Jadi, Ahlun Nushrah (perwira-perwira militer) wajib mengikuti pembinaan lebih dulu sebagai pelajar (daris) dalam halqah untuk mempelajari Islam (pemikiran dan fiqih) dalam partai politik yang melakukan thalabun-nushrah (Hizbut Tahrir), meski tidak disyaratkan harus menjadi anggota partai politik itu (M. Muhsin Radhi, Hizb at-Tahrir Tsaqafatuhu wa Manhajuhu, hlm. 315). Dari pembinaan ini, proses indoktrinasi terjadi.
Akan tetapi lebih afdhal jika Ahlun Nushrah menjadi anggota Hizbut Tahrir dengan mengucapkan sumpah (qassam), agar Hizbut Tahrir yakin akan kesungguhannya, mengingat misi yang diemban sangat genting, krusial, genting, rahasia dan sensitif. Menyangkut keselamatan aktivis Hizbut Tahrir secara keseluruhan.

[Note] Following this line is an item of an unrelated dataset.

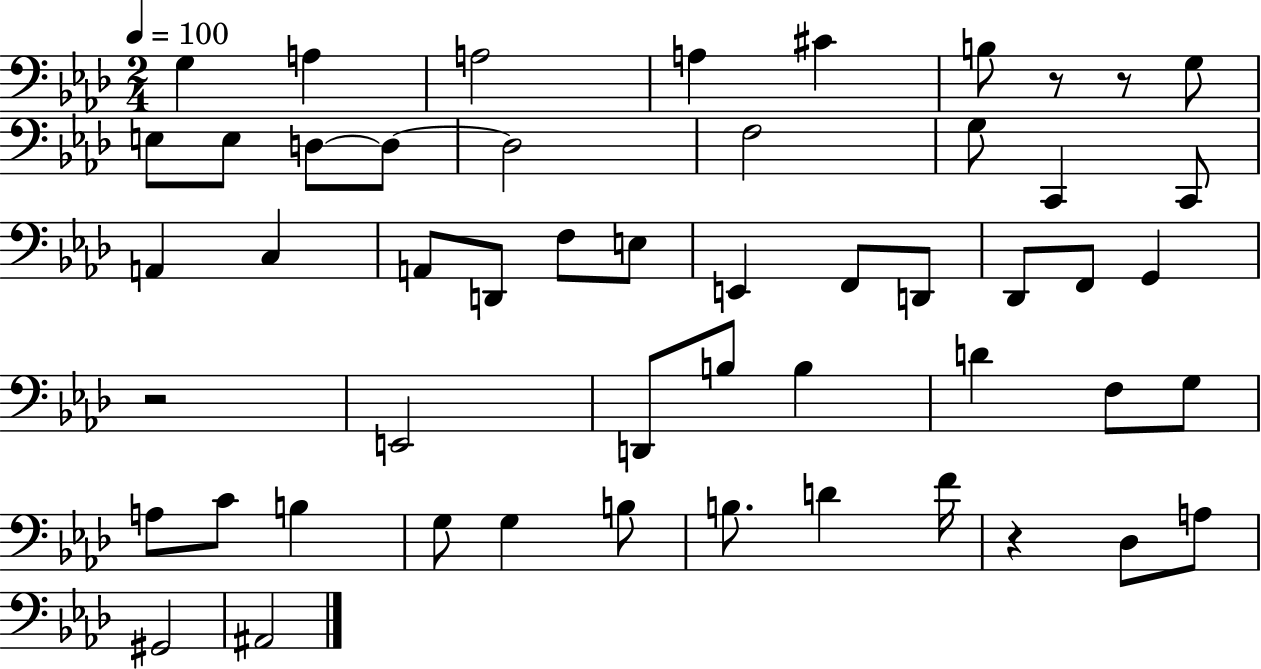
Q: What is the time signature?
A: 2/4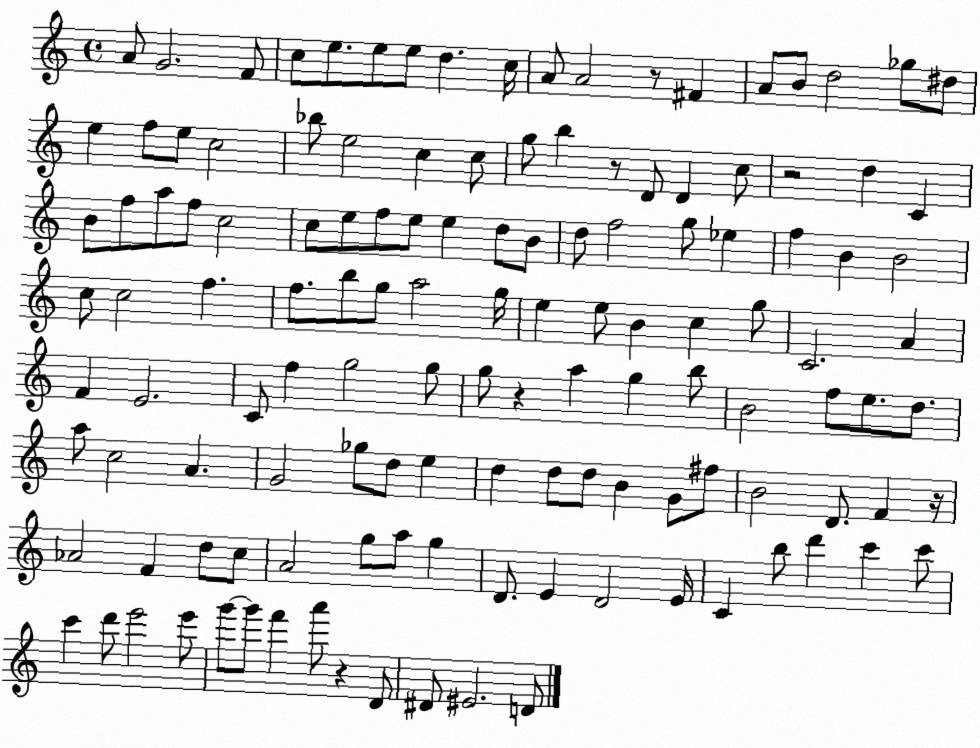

3) Ahlun Nushrah harus berada sepenuhnya di bawah kendali partai politik (Hizbut Tahrir) yang mereka dukung, bukan menjadi kekuatan terpisah di luar kontrol. (M. Muhsin Radhi, Hizb at-Tahrir Tsaqafatuhu wa Manhajuhu, hlm. 315). Dengan mengikuti halqah, otomatis perwira-perwira militer dalam kontrol dan kendali Hizbut Tahrir. Sel-sel halqah Hizbut Tahrir di tubuh militer sangat rahasia dan terpisah dari sel-sel sipil. Sel-sel halqah Hizbut Tahrir di tubuh militer dikelola oleh lajnah Thalabun nushrah yang langsung berhubungan dengan Amir Hizbut Tahrir.

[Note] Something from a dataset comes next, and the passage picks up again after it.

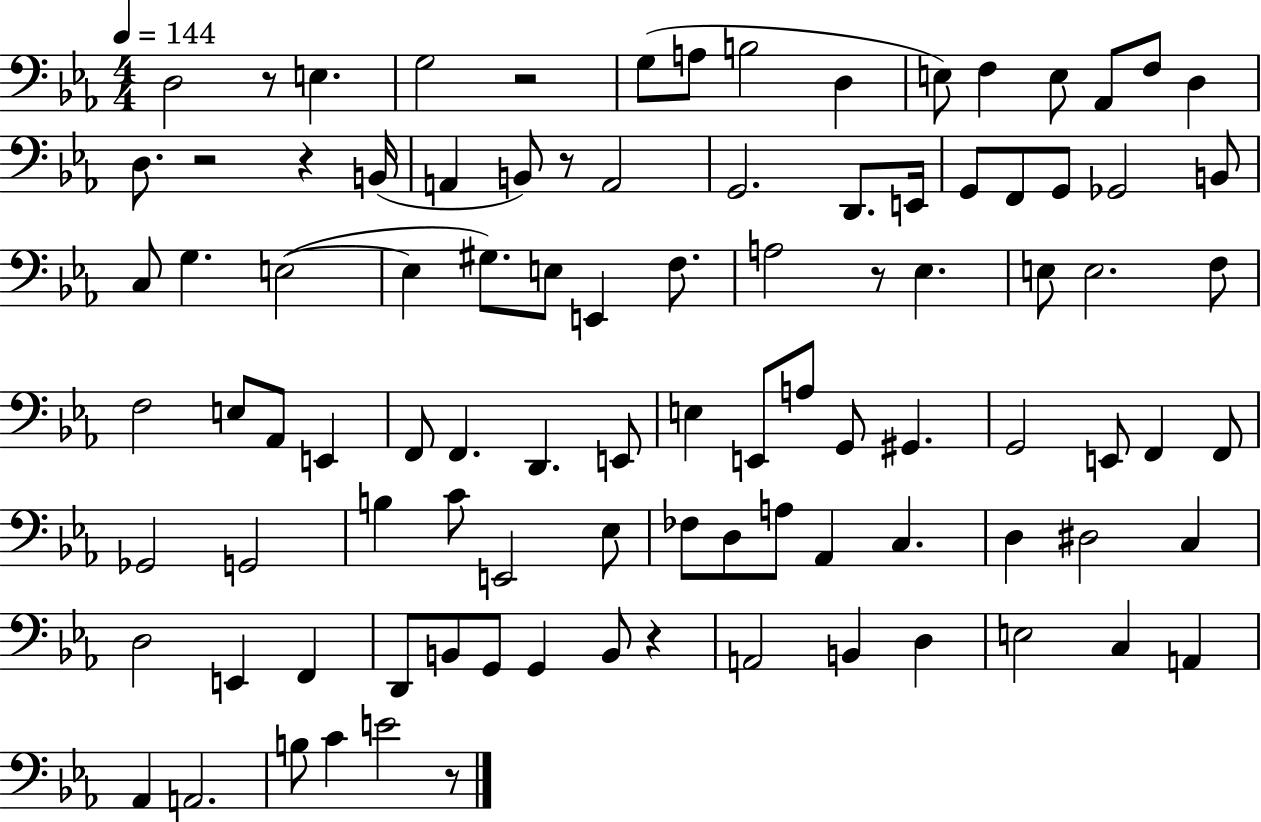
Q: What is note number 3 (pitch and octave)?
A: G3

Mengingat akan bahaya dan resikonya, thalabun-nushrah dilakukan oleh satu delegasi, atau bahkan satu orang saja, untuk melakukan thalabun-nushrah kepada seorang presiden, atau seorang jenderal pimpinan militer. Jadi, thalabun-nushrah adalah aktivitas yang khusus dan rahasia. Sebab, tabiat thalabun-nushrah memang hanya menghendaki keterlibatan sejumlah kecil orang saja, bukan banyak orang (M. Muhsin Radhi, Hizb at-Tahrir Tsaqafatuhu wa Manhajuhu, hlm. 312). Thalabun nushrah tidak dilakukan oleh setiap pengurus dan anggota Hizbut Tahrir.
Anggota Hizbut Tahrir lainnya bertugas menyiapkan suasana yang kondusif bagi keberhasilan thalabun nushrah melalui pembinaan dan pengkaderan dalam sel-sel halqah dan aktivitas pembinaan umum seperti seminar, tablig akbar, aksi turun ke jalan, dan sebagainya. Membuat diskusi-diskusi online melalui aplikasi Zoom, Youtube, Instagram, dll. Memviralkan narasi-narasi yang mendukung khilafah dan mendeskriditkan pemerintah di media online dan media sosial serta menggalang dukungan dari tokoh-tokoh sipil.
Aktivitas umum dan thalabun-nushrah ini akan saling melengkapi dan membutuhkan. Sebab, thalabun-nushrah yang berhasil membutuhkan suasana yang kondusif, yaitu terwujudnya opini umum berlandaskan kesadaran umum yang mendukung Syariah dan Khilafah (M. Husain Abdullah, Ath-Thariqah asy-Syar’iyah li Isti’naf al-Hayah al-Islamiyah, hlm. 90). Syariah dan khilafah versi Hizbut Tahrir tentunya.
Thalabun nushrah adalah kunci bagi tegaknya Khilafah Tahririyah. Omong kosong kalau aktivis Hizbut Tahrir mengatakan mereka hanya menawarkan, bukan memaksa. Di Arab sudah puluhan kali sejak tahun 1960-an, Hizbut Tahrir mengeksekusi kudeta, namun gagal. Demikian juga di Asia Tengah dan Pakistan. Ketika dikatakan metode Hizbut Tahrir mendirikan khilafah dengan kudeta militer, sering kali aktivis Hizbut Tahrir di Indonesia mengelak dengan menanyakan, “mana buktinya Hizbut Tahrir di Indonesia pernah melakukan kudeta?” Jawab saja, “mari, sama-sama kita tunggu buktinya.”